Repeat the data exactly, leaving out any image.
- - - - -
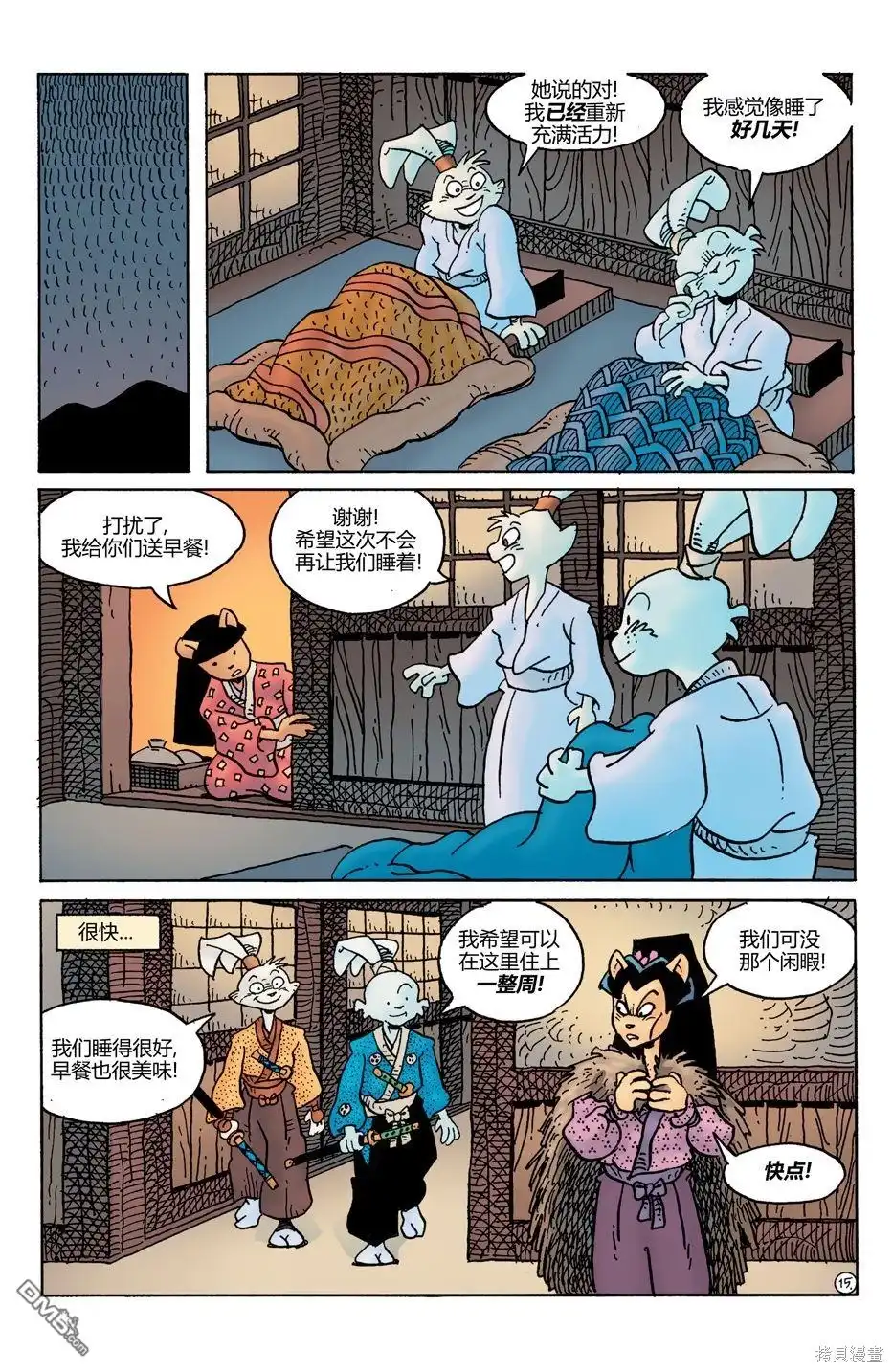 第17页
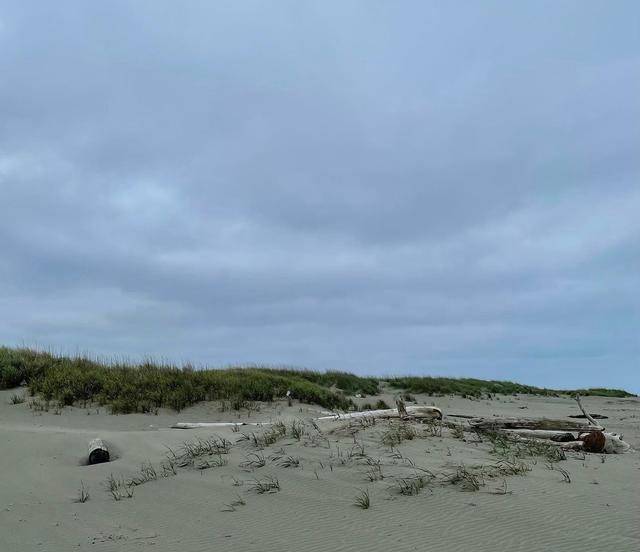 Ocean Shores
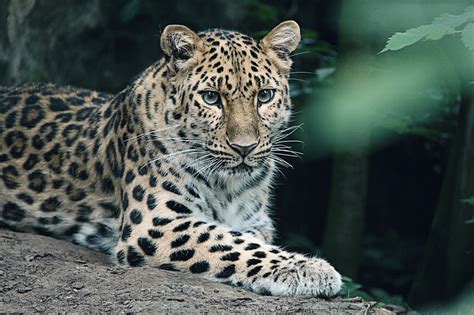 Oltre Foto Amur Leopard Leopardo Gratis Pixabay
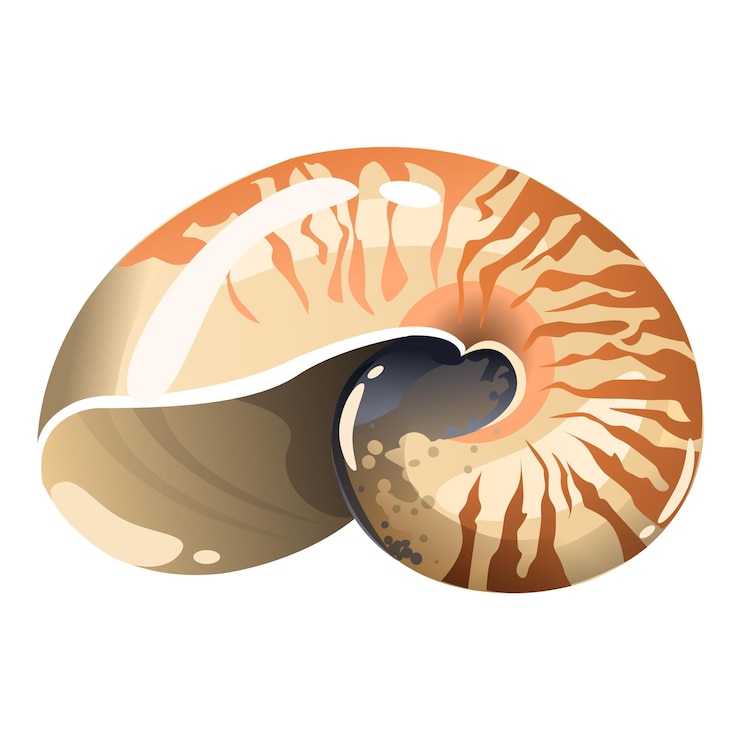 Vector vector seashell10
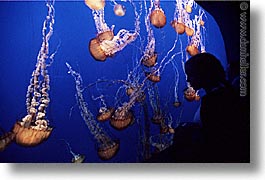 aquarium, cal coast, california, california coast, horizontal, jellyfish, monterey, west coast, western usa, photograph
- - - - -
**Expected output**.
 第17页
 Ocean Shores
 Oltre Foto Amur Leopard Leopardo Gratis Pixabay
 Vector vector seashell10
 aquarium, cal coast, california, california coast, horizontal, jellyfish, monterey, west coast, western usa, photograph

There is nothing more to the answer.